↓↓↓
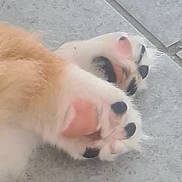 Atoll participe au concours pour gagner de l'argent avec cette photo : cat, paw, paw_pads, close_up, fur, animal, pet, soft, pink, black, tile_floor, domestic_cat, whiskers, claws, cute, resting, feline, mammal, texture, macro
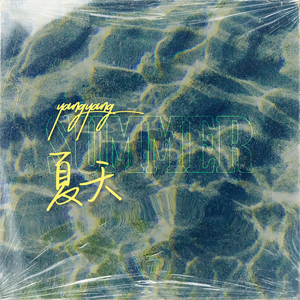 厨房脱岳裙子从后面挺进去
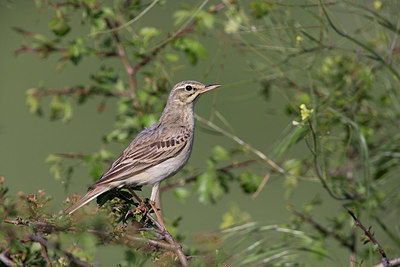 BUITEN BEELD Foto: 326847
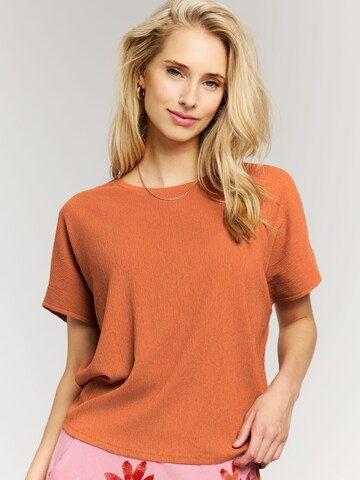 PROTEST Shirt 'PRTLouas' in Brown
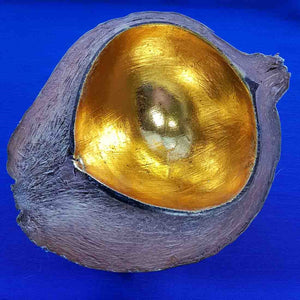 Coconut Gold Bowl (14x17ishcm) Large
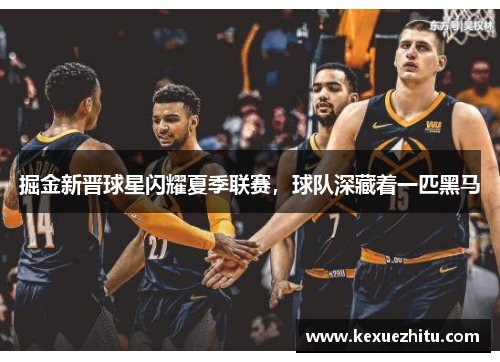 掘金新晋球星闪耀夏季联赛，球队深藏着一匹黑马
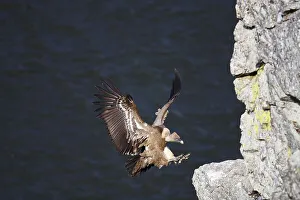 Griffon Vulture (Gyps fulvus), landing on cliff ledge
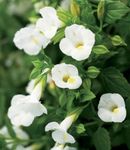 white Clown Flower, Wishbone Flower, Torenia Photo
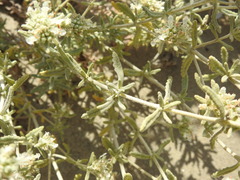 Teucrium dunense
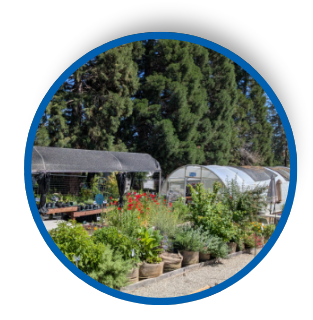 The raised plant beds, hoop house and outdoor plant bench in the UC Master Gardeners of Nevada County Demonstration Garden.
↑↑↑
- Task item: Starting at the line that contains "厨房脱岳裙子从后面挺进去", restate each line verbatim through the final line of the listing, skipping all pictures.

- Result of this task:
 厨房脱岳裙子从后面挺进去
 BUITEN BEELD Foto: 326847
 PROTEST Shirt 'PRTLouas' in Brown
 Coconut Gold Bowl (14x17ishcm) Large
 掘金新晋球星闪耀夏季联赛，球队深藏着一匹黑马
 Griffon Vulture (Gyps fulvus), landing on cliff ledge
 white Clown Flower, Wishbone Flower, Torenia Photo
 Teucrium dunense
 The raised plant beds, hoop house and outdoor plant bench in the UC Master Gardeners of Nevada County Demonstration Garden.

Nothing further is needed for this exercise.